I am interested in computing the determinant of the following circulant matrices: let $n=p^k$ for $p$ a prime and $k\in \mathbb{N}$, take $a\in \mathbb{N}$ to be such that $a<p$ and $(a,p)=1$. Consider the matrix
$$A = \left[ \begin{array}{ccccccccc} 1&1&1&...&1&0 & ... & 0 & 0\\ 0&1&1&& & ...& & 0 &0& \\0&0&1&& & ...& & 0&0\\&&&&\vdots\\1&&&&&...&&0&1\end{array}\right]$$
where $A$ is the circulant matrix with the first row given by the vector with the first $a$ coordinates equal to $1$ and the rest equal to $0$.
I am aware that the eigenvalues of this matrix are given by $$\lambda_j = 1+\omega^j + \omega^{2j} + \dots + \omega^{(a-1)j},\quad j = 0, 1, \dots, n-1,$$
where $\omega$ is primitive $n$-th root of unity.
I have done several computations of the determinant of some specific matrices of this form and it seems like $\det(A)=a$.
I would like to know if there is some general result already known about circulant matrices of this form that I could cite or I would like to be pointed in the right direction of how to prove this. Thank you!

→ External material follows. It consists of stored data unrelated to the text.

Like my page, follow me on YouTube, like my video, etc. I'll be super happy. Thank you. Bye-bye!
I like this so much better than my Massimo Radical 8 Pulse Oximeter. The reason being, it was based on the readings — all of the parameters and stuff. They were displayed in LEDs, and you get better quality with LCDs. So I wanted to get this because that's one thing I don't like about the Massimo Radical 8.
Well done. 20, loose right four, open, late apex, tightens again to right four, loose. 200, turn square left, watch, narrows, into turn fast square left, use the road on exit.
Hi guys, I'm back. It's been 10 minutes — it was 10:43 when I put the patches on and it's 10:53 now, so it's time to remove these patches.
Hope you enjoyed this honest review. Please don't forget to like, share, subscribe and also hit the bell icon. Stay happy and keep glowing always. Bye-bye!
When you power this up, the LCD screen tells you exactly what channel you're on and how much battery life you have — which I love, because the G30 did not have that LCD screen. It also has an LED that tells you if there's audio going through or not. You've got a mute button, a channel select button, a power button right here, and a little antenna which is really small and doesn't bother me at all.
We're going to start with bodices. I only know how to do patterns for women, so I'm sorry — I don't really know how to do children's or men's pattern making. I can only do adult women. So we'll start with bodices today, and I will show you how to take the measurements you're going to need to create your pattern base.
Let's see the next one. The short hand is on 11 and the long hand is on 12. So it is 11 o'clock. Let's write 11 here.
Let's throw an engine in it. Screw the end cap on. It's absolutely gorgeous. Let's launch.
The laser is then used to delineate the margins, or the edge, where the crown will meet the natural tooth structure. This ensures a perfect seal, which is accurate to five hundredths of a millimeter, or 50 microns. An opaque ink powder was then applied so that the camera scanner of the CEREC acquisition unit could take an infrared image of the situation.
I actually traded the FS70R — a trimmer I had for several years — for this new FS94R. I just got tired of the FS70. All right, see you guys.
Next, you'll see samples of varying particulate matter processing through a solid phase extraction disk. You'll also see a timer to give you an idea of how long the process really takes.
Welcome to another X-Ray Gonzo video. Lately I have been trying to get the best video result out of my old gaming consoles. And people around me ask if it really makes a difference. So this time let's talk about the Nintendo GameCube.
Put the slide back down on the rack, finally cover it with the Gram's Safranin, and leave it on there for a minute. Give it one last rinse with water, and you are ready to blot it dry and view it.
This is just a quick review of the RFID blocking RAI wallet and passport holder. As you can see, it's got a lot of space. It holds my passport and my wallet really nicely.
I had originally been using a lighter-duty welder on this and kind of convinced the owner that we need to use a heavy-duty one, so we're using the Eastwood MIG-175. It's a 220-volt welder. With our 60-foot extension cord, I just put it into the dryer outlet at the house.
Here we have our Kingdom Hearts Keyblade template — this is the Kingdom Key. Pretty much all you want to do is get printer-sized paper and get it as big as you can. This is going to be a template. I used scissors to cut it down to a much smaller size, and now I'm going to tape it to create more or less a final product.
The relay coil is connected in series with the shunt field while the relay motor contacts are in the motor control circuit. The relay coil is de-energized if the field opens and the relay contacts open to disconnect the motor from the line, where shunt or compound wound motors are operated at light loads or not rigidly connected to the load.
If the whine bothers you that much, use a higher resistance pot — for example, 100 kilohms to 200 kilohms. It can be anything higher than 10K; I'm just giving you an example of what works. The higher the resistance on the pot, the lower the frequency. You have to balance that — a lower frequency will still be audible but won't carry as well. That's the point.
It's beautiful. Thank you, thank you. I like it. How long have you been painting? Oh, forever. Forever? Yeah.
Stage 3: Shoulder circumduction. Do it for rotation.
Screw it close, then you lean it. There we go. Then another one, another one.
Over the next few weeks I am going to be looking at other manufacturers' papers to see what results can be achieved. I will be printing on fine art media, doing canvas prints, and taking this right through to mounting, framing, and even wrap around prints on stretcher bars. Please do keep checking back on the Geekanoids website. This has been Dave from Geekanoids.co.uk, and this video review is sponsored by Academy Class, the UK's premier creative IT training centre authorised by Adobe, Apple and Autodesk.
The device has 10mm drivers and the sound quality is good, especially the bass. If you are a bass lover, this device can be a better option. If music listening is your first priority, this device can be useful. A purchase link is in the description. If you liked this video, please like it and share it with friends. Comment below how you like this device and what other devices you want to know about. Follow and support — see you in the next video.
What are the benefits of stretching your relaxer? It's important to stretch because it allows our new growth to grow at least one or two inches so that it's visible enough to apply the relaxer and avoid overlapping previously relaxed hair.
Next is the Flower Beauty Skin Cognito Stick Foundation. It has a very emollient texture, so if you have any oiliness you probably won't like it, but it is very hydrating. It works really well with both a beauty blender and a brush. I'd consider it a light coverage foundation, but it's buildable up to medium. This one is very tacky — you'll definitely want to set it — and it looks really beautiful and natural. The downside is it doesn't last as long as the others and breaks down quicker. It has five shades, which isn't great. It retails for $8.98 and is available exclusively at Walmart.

Disclaimer: I am a graduate student and this came up for a problem I am working on. It is not a homework problem or part of any class.
Since you already have an expression for the eigenvalues, you can prove it yourself. Note that we have $$ \lambda_0 = a, \qquad \lambda_j = \frac{1 - \omega^{aj}}{1 - \omega^j} \quad j = 1,2,\dots,n-1. $$ Because $\gcd(a,n) = 1$, the map $x \mapsto ax$ is bijective over $\{1,2,\dots,n-1\} \subset \Bbb Z/n\Bbb Z$. It follows that $\prod_{j=1}^{n-1} (1 - \omega^j) = \prod_{j=1}^{n-1} (1 - \omega^{aj})$, so that $$ \prod_{j=1}^{n-1} \lambda_j = \prod_{j=1}^{n-1}\left( \frac{1 - \omega^{aj}}{1 - \omega^j}\right) = \frac{\prod_{j=1}^{n-1} (1 - \omega^{aj})}{\prod_{j=1}^{n-1} (1 - \omega^j)} = 1. $$ Thus, we come to the conclusion that $\det(A) = \prod_{j=0}^{n-1} \lambda_j = a \cdot 1 = a$, which was what we wanted.